Bu lavuklar nimete gelince başköşeye oturlar. Hepsinin elinde son teknoloji ürünü telefonlar bulunur ve bu telefonlarla İngilizce menü üzerinden işlerini görürler. İnternete girip porno sitelerde cirit atarlar, uzakdoğuda 13-15 yaşındaki kız çocuklarına ilişmek için uçaklara binerler, televizyonların başından kalkmaz, lüks arabalara bir güzel kurulup, nevigasyonla varacakları adresi kolayca bulurlar. Oh ne ala ne hoş? Mümin kardeşimin faydalandığı dünya nimetlerinde gözümüz yok ama sormadan da edemiyor insan, peki muhterem mümin kardeşim kullandığın bu nimetlerin hangisi peygamber zamanında vardı? Haydi bundan da geçtik hangisini müslümanlar icat etti?

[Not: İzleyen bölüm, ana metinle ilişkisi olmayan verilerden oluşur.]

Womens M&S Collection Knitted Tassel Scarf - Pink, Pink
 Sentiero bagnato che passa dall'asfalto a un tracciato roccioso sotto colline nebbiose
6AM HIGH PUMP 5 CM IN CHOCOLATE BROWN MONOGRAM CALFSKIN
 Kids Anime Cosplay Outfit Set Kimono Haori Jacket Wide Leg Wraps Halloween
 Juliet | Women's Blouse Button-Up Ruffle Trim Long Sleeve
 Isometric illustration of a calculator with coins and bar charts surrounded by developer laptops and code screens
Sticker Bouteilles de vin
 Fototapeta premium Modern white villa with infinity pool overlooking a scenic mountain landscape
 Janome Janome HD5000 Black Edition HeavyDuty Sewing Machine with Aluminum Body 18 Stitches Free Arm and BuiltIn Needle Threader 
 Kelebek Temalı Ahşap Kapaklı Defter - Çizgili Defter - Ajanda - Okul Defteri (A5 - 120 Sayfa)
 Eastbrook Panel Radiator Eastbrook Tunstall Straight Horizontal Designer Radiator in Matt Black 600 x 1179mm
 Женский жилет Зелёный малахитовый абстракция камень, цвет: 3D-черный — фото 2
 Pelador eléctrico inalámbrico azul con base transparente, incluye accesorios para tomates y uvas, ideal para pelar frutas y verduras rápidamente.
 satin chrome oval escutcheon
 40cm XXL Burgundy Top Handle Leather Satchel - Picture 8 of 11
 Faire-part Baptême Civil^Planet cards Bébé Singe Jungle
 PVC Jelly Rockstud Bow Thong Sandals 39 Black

Riyakarlık denen şeyin daniskasını bu sahte müminler yapıyorlar. İslamiyete göre riyakarlık Tanrıya eşkoşmakla aynı kapıya çıkmaktadır. Hani toplumda ibadette gizlidir, kabahatte diye bir söz vardırya bundan en çok muhterem mümin kardeşimiz yararlanır ama bu fayda sadece kabahati gizli işleme cihetindedir. İbadetini göstere göstere yapar. Daha namaz vakti gelmeden pantolonun paçalarını dizlerine kadar, kollarını omuzlarına kadar sıvar ki abdet alacağını herkesin gözüne sokarak farkettirebilsin. Yazık ki toplumda bu riyalar çok pirim yapıyor ve her bir melaneti yapan bu sahtekarlar toplumda kabul görüyor ve hatta kabul görmekle kalmayıp peşinden bile koşuluyor. Zaten toplumumuzda yaygın olarak kullanılan hocanın dediğini yap yaptığını yapma sözü de bu dediklerimi doğrular niteliktedir. Oysaki doğru iş yapmayan birinin sözü doğru olur mu? Hocanın dediğini yap yaptığını yapma mantalitesi ayinesi iştir kişinin lafına bakılmaz sözüyle taban tabana zıt değil mi?
Tanrı Türkü ve Türk yurtlarını korusun.